I am an AI Performance Architect at Hewlett Packard Enterprise (HPE), where I develop tailored system architectures for parallel, scientific, and deep learning AI/ML workloads in High Performance Computing environments. My work spans computer architecture, memory system design, distributed AI/ML systems, and CXL-based technologies, with a focus on accelerating memory bandwidth-intensive applications in resource-constrained environments.

Prior to joining HPE, I completed my PhD at Georgia Institute of Technology, Atlanta, advised by Dr. Alexandros Daglis, Associate Professor in the School of Computer Science. My doctoral research focused on designing and developing tailored memory system optimizations to enhance the performance of parallel, scientific, and deep learning AI/ML workloads, drawing on insights from computer architecture, memory system design, distributed AI/ML systems, and CXL technologies.

Earlier, I earned my Master’s in Electrical Engineering from Arizona State University, Tempe, and worked as a Sr. Applications Engineer at Cadence Design Systems, San Jose, CA. For more details, please refer to my CV.

I am always open to opportunities and collaborations where I can apply my academic expertise and industry experience to drive innovation in next-generation memory and computer system architectures. If my profile aligns with your interests, please feel free to reach out via email or LinkedIn.

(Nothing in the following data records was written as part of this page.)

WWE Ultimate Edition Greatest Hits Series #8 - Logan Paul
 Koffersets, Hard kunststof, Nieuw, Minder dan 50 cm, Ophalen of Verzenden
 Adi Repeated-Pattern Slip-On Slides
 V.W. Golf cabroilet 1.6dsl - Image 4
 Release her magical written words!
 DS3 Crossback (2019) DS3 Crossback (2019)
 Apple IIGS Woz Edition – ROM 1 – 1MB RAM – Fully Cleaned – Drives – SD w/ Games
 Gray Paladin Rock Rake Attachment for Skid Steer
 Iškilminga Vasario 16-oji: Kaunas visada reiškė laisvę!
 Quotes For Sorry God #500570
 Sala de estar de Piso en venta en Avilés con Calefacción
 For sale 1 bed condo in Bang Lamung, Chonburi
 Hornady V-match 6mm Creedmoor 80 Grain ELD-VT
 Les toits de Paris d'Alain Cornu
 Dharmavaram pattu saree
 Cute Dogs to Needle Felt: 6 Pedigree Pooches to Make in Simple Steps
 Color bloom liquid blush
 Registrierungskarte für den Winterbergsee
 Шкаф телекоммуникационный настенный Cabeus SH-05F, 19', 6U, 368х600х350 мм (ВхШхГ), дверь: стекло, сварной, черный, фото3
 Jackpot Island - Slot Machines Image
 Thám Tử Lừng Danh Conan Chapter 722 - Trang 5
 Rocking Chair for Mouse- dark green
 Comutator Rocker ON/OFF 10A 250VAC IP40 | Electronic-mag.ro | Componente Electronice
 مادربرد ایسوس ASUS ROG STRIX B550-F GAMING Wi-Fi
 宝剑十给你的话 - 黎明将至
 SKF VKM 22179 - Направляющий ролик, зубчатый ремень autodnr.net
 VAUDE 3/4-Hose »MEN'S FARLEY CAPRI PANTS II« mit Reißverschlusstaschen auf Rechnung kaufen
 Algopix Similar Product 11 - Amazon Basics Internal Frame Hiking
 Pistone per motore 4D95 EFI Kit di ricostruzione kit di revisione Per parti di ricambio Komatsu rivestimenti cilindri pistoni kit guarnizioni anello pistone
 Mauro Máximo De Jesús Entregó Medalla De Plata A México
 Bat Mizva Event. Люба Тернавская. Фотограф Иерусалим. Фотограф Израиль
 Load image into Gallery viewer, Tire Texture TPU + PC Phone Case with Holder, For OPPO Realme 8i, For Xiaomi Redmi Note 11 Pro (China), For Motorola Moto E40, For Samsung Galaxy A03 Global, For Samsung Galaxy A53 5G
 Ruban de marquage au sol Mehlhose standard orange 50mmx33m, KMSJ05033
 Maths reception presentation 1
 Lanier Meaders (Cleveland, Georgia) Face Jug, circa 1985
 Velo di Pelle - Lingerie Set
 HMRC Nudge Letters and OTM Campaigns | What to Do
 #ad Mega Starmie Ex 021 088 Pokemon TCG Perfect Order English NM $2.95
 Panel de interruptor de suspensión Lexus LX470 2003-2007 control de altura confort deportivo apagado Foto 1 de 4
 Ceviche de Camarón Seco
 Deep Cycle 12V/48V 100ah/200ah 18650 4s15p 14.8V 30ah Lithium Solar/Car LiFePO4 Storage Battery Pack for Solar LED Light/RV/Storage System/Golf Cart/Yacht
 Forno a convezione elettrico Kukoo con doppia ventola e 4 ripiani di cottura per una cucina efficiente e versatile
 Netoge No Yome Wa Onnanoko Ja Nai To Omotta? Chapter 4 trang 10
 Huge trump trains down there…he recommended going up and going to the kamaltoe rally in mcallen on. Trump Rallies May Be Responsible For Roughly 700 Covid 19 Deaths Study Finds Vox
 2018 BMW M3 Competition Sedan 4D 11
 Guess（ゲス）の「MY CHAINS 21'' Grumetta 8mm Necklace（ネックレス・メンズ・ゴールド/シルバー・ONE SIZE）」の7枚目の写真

Thesis Topic: Memory system optimizations for parallel and bandwidth-intensive workloads
The growing performance and bandwidth demands of modern datacenter and HPC workloads are driving innovation in memory system design. My research adopts a holistic approach to optimizing memory systems across multiple levels of the system hierarchy—chip, server, and cluster—through architectural techniques integrated with system software. By jointly considering workload-specific characteristics and underlying hardware capabilities, these innovations demonstrate how tailored memory system designs can significantly enhance the performance of parallel, scientific, and AI/ML workloads in resource-constrained and bandwidth-intensive environments..